### WHAT YOU SHOULD DO
All that belongs in the answer is the lines from the one containing "Zankhana lager logo" to the end of the listing below, copied exactly, pictures excluded.

--- START ---

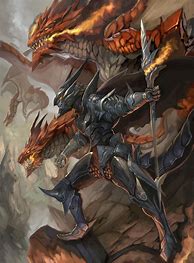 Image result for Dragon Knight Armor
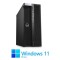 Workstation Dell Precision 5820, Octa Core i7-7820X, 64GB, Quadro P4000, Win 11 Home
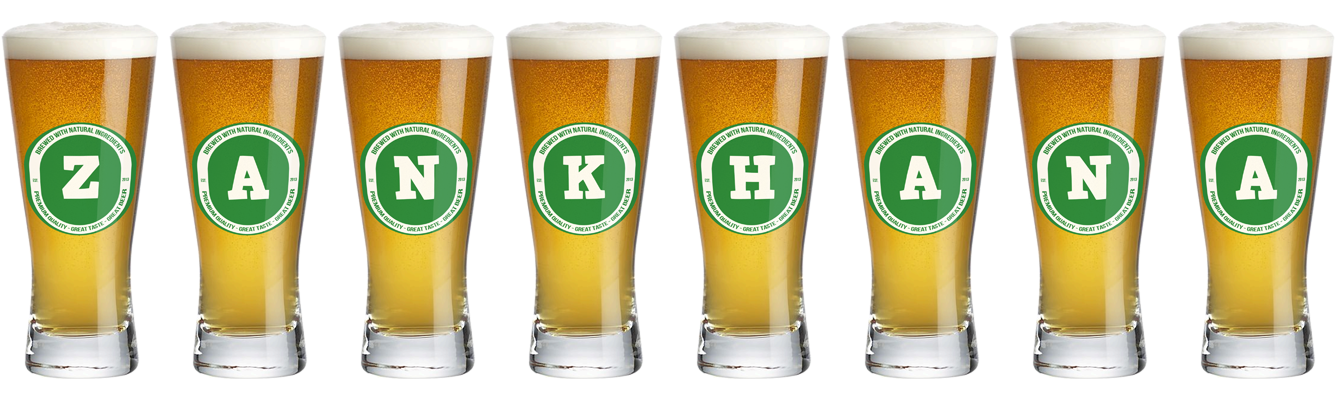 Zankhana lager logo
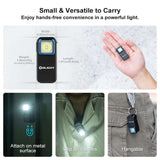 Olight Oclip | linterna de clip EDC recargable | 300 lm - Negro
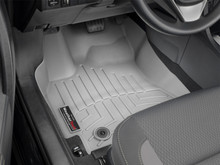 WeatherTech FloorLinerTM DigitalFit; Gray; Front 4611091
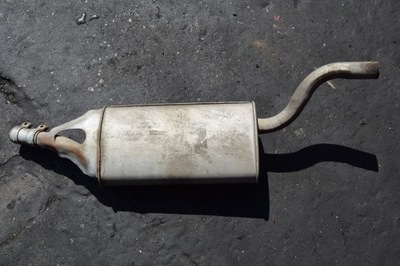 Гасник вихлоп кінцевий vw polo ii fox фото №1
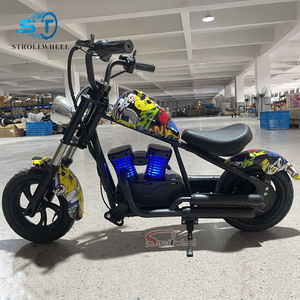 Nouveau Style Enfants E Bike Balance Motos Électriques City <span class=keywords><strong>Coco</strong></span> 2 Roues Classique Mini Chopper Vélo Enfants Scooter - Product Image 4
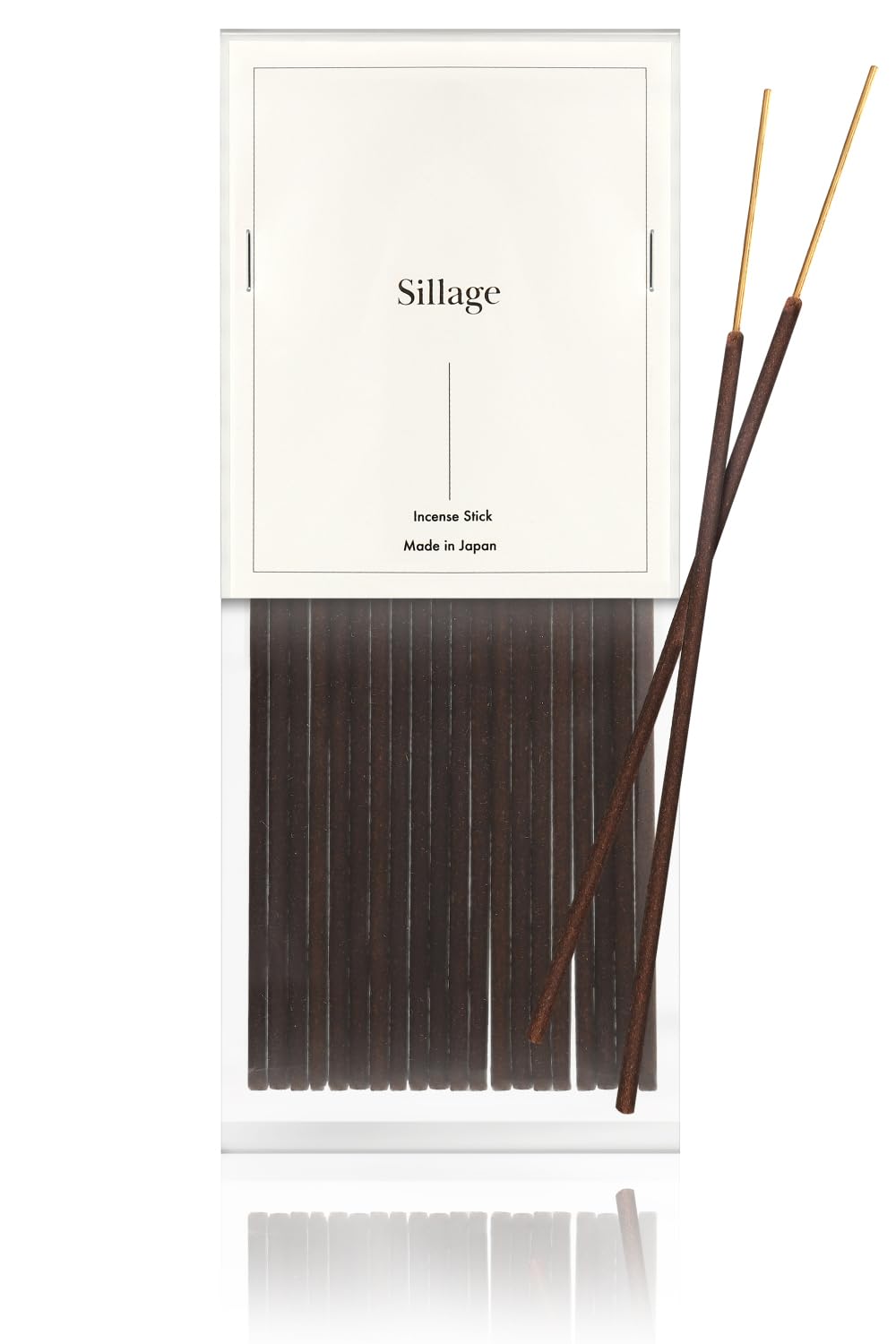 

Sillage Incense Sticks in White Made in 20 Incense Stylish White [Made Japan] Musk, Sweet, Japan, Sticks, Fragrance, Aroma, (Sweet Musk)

--- END ---

### WRITTEN SOLUTION
 Zankhana lager logo
 Olight Oclip | linterna de clip EDC recargable | 300 lm - Negro
 WeatherTech FloorLinerTM DigitalFit; Gray; Front 4611091
 Гасник вихлоп кінцевий vw polo ii fox фото №1
 Nouveau Style Enfants E Bike Balance Motos Électriques City <span class=keywords><strong>Coco</strong></span> 2 Roues Classique Mini Chopper Vélo Enfants Scooter - Product Image 4

Sillage Incense Sticks in White Made in 20 Incense Stylish White [Made Japan] Musk, Sweet, Japan, Sticks, Fragrance, Aroma, (Sweet Musk)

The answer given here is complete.